The dog was out scraping her cone on the pavement and shoving it into the hedges and rolling on the grass for the first time with it. I wonder if she thinks she will have a cone for ever and ever? The vet says one more week - until her second check-up on Tuesday, when the stitches will come out, and if all is well the cone can come off. In the meantime she's still getting snagged on the furniture and bumping into wall corners, and trying to get around the coffee table to snug up between it and the couch. When we go outside she sniffs and snorks and picks up all kinds of bits of leaf and soil around the edges of the cone so I have to give it a wipe when we come back inside. She's very good natured about it. We are all looking forward to saying goodbye to the cone.
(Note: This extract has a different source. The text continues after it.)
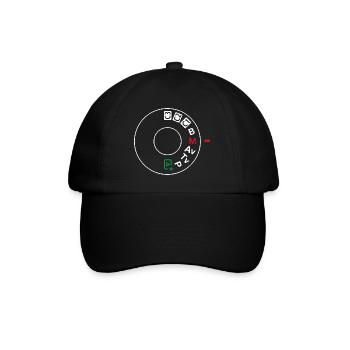 Canon Dialler - Baseballkappe - Schwarz/Schwarz - Vorne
As the dog took me out on her walk this morning, I saw all kinds of spring flowers in bloom, including the smaller cherry blossoms. The big fluffy pink ones will come out at the end of April. The small ones are delicate and beautiful. I took some photos which I will post later. There are hyacinths all around - the deep purply blue ones and the white ones, and I can't smell a darn thing when I walk past them. This is very distressing to me. I keep hoping my sense of smell will come back, but it seems to be worse than ever this year. Before it faded, hyacinths used to irritate me, they smelled so distinctive and tangy. Now I wouldn't know they were there if I closed my eyes. I've got my fingers crossed for the lilacs, which will appear soon. I love them. If I have to put on a cone and bury my head in a lilac bush I will. That's how determined I am to smell them. But I'm good natured about it too. There are benefits. You can sit in a car with me and fart for half an hour and it barely bothers me. So I guess I'm being good natured too. Still, I can hardly wait until my smell comes back, as I still hope it will.

question: did you ever lose something that you once took for granted?